3. Neppure risulta idoneo a giustificare l’ammissibilità della tardiva produzione il richiamo al rispetto dell’art. 1749 c.c., il quale prevede l’obbligo del preponente di mettere a disposizione dell’agente “la documentazione necessaria relativa ai beni o servizi trattati e a fornire all’agente le informazioni necessarie all’esecuzione del contratto”. Ed invero, anche a ritenere la disposizione richiamata come introduttiva di un vero e proprio diritto di accesso dell’agente ai libri contabili in possesso del preponente, operante anche in fase giudiziale a seguito di richiesta (in conformità a Cass. 29/9/2016 n. 19319), nessuna influenza potrebbe assumere tale profilo nella concreta fattispecie, poichè la Corte territoriale ha fondato la decisione su una questione (il rilevato difetto di allegazione) che si pone a monte di ogni valutazione in ordine alle richieste attinenti alla prova.

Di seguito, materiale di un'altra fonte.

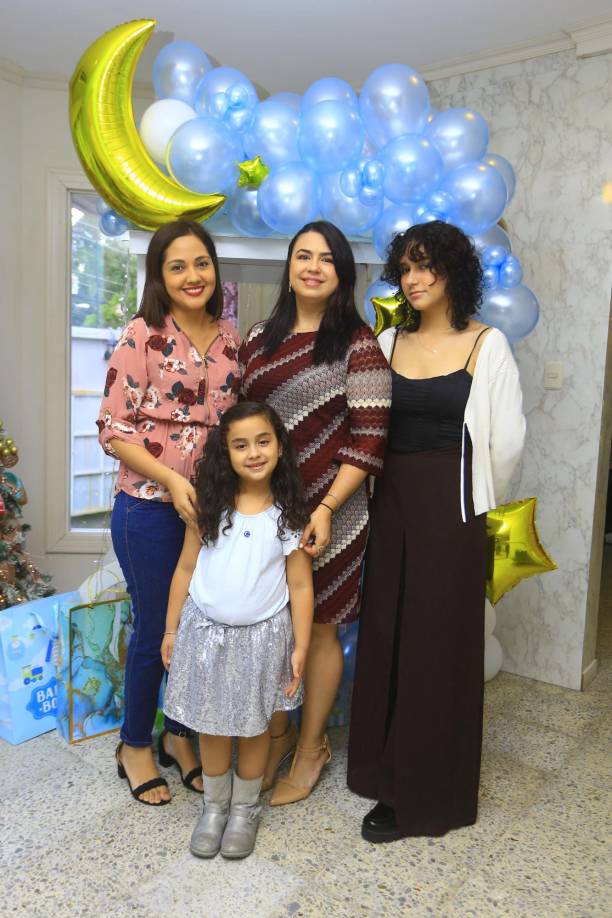 Irene López, Linett Fenoy, Elizabeth Fenoy y Antonella Cárcamo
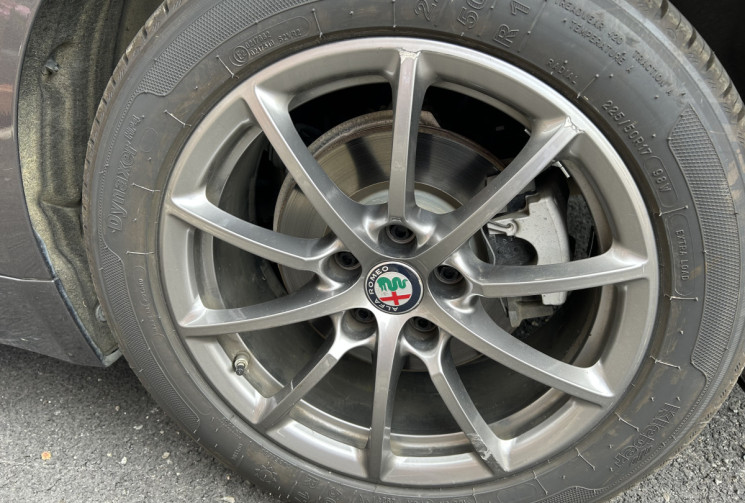 Alfa Romeo Giulia Super 2.2 JTD 180 cv BVA EAT8 Distribution neuve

4. Una volta stabilito che il giudice d’appello ha qualificato la domanda nei termini indicati sub 2 e che tale qualificazione non è stata utilmente censurata, ne discende che il secondo motivo di ricorso va del pari disatteso, giacchè presuppone altra qualificazione, in termini di risarcimento dei danni, della domanda relativa alle provvigioni maturate successivamente alla cessazione del rapporto. Ed invero il ricorrente lamenta che si sia dato corso alla liquidazione del danno in forma specifica piuttosto che per equivalente, prospettando l’avvenuta proposizione di un’azione risarcitoria.

5. In base alle svolte argomentazioni il ricorso va rigettato. Le spese del giudizio di legittimità seguono la soccombenza e sono liquidate come in dispositivo.

PQM

 

La corte rigetta il ricorso e condanna il ricorrente al pagamento delle spese del giudizio di legittimità, liquidate in complessivi Euro 7500,00 di cui Euro 200 per esborsi, oltre spese generali nella misura del 15% e accessori di legge.

Ai sensi del D.P.R. 30 maggio 2002, n. 115, art. 13, comma 1 quater dà atto della sussistenza dei presupposti per il versamento da parte del ricorrente dell’ulteriore importo a titolo di contributo unificato pari a quello dovuto per il ricorso, a norma dello stesso art. 13, comma 1 bis.

Così deciso in Roma, il 29 marzo 2017.